Ein Tag im Bus auf kurviger Straße, ein Tag im Geländewagen auf durchschüttelnder Fahrspur und eine Woche zu Fuß das enge Tal des Buri-Gandaki-Flusses hinauf. Man ist auch geistig in Nepal angekommen, wenn man den Talaufschluss des Tsum-Tals erreicht und erkennt, was Abgeschiedenheit tatsächlich bedeutet. Auch wenn mittlerweile Internetzugang Einzug gehalten hat, der das Tsum-Tal trotz fehlender Straßenanbindung über die natürlichen Mauern des Himalayas hinweg mit der restlichen Welt verbindet. Dieser teure Luxus ist bisher jedoch Lodgebetreibern und Wanderern vorbehalten, die es sich leisten wollen.
Bleibt die Frage, ob wir Antonia noch vor ihrem ersten Geburtstag das Paradies zeigen konnten. In vielerlei Hinsicht und aus unserer romantischen Sichtweise trifft dies zu. Offenherzige Menschen die ihr Dasein auf klimaneutrale Art und Weise in atemberaubender Landschaft bestreiten. Es gehört aber auch zur Realität, dass es nur eine sehr rudimentäre medizinische Versorgung gibt und sich den eventuell lebensrettenden Hubschrauberflug bei weitem nicht jeder leisten kann. Auch schicken viele Leute nicht ohne Grund ihre Kinder in die Schulen Kathmandus – teilweise schon im Grundschulalter. Das Geld dafür muss verdient werden und dazu nutzen auch die Bewohner des Tsum-Tals jede Gelegenheit. Mit allen negativen Begleiterscheinungen wie Neid und Konkurrenz. Billiger Alkohol aus China sorgt ebenfalls nicht für die Stärkung der geistigen und körperlichen Ausgeglichenheit der Menschen. Wir lernten eine Familie kennen, die ein junges Mädchen adoptiert hat, nachdem ihre Mutter aufgrund einer Familienfehde ermordet wurde.

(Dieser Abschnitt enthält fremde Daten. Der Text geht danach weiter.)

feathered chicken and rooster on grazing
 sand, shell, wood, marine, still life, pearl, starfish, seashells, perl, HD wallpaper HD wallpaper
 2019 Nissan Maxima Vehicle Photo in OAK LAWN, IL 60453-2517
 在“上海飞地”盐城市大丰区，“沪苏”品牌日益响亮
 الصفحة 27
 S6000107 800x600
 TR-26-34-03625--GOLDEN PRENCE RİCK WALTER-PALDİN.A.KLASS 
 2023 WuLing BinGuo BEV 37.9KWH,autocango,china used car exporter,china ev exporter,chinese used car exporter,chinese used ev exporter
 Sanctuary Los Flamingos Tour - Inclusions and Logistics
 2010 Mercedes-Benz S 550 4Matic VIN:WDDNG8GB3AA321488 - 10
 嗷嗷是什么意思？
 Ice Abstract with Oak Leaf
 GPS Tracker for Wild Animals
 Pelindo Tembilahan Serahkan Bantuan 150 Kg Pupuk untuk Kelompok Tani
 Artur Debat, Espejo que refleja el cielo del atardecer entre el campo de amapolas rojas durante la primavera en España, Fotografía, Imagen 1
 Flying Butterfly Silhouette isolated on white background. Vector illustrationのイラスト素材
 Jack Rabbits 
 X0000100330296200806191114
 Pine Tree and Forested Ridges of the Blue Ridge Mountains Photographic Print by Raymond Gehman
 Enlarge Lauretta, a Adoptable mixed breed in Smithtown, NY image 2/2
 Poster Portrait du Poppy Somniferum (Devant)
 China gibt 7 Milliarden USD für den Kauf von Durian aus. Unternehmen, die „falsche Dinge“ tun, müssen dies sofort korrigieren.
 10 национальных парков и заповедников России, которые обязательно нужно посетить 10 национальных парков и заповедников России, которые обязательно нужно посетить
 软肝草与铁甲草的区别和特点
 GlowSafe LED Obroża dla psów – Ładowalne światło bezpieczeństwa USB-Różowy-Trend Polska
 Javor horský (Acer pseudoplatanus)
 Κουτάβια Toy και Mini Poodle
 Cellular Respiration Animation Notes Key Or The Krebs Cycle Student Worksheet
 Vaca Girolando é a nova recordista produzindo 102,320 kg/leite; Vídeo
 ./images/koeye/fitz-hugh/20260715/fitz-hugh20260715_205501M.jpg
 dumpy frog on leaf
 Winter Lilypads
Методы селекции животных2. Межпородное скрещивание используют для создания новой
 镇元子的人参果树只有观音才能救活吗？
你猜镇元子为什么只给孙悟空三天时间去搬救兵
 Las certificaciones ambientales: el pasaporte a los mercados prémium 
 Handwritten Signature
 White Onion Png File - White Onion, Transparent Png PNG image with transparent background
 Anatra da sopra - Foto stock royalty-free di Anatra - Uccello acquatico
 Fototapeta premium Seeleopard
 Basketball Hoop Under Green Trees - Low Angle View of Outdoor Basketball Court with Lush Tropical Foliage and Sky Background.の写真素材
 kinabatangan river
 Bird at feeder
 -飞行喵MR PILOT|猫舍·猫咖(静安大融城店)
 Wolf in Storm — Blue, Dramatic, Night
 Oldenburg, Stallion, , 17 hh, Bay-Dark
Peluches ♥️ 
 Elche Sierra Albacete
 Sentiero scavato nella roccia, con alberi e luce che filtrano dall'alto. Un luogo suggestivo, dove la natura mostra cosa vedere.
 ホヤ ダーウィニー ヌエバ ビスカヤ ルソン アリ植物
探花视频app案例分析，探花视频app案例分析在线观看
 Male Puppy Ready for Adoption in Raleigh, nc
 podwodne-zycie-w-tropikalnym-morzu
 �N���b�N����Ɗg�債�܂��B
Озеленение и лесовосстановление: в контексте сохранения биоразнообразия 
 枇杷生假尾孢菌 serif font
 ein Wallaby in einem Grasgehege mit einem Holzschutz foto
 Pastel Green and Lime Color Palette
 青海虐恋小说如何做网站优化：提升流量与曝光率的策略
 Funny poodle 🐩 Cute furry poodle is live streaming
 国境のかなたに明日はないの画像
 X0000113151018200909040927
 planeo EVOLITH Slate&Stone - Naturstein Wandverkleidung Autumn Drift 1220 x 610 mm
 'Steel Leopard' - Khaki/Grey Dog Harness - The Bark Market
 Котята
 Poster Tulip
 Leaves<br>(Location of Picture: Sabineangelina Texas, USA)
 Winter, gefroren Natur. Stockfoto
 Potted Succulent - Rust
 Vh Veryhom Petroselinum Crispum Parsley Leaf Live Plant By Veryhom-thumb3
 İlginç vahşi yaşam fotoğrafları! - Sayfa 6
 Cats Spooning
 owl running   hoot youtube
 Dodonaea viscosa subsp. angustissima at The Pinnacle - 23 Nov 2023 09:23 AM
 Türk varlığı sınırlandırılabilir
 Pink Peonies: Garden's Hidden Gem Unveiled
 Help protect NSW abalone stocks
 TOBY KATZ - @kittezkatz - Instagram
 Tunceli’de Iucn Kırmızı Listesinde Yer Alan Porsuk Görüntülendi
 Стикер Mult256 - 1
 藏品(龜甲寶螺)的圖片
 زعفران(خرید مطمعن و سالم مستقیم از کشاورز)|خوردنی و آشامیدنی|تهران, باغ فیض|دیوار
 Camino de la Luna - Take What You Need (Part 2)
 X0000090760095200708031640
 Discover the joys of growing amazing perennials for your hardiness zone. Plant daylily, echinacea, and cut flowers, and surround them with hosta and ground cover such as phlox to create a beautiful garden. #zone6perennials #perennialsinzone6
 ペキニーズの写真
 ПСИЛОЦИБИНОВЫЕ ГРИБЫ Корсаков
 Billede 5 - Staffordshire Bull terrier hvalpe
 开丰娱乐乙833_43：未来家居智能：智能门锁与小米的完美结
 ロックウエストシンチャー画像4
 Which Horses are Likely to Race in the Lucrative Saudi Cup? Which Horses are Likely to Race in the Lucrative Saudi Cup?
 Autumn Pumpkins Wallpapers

Bei all diesen unromantischen Realitäten haben wir für unseren Teil – und nur für uns können wir es beurteilen – eine paradiesische Zeit im Tsum-Tal erlebt. Gemeinsam als junge Familie, in Begleitung eines guten Freundes, in dieser ursprünglichen und wunderschönen Region unterwegs zu sein war ein phantastisches Erlebnis. In Klöstern zu übernachten und dem Morgengebet der Nonnen oder Mönche beizuwohnen, beeindruckt tiefgehend. Aber auch der irdische Komfort der neu entstanden Unterkünfte sorgte maßgebend dafür, dass wir uns wohl fühlten. Nirgendwo wird einem dies bewusster als in einer Region, deren Lebensbedingungen schnell und vehement an einem zehren können. Und ja, es gibt nur vegetarische Speisen. Abgesehen von Gerichten mit Tunfisch, der abgepackt in Konserven eine ebenso weite Anreise wie wir hinter sich hat. Die Lodgebetreiber stillen die Nachfrage von uns Gästen in für sie moralisch vertretbarer Weise. Inwiefern diese in Einklang mit den Gegebenheiten und Lebensgewohnheiten steht, die wir an diesem besonderen Ort vorfinden wollen, muss jeder für sich selbst entscheiden. Und somit auch den Einfluss, den wir in diesem entlegenen Tal hinterlassen.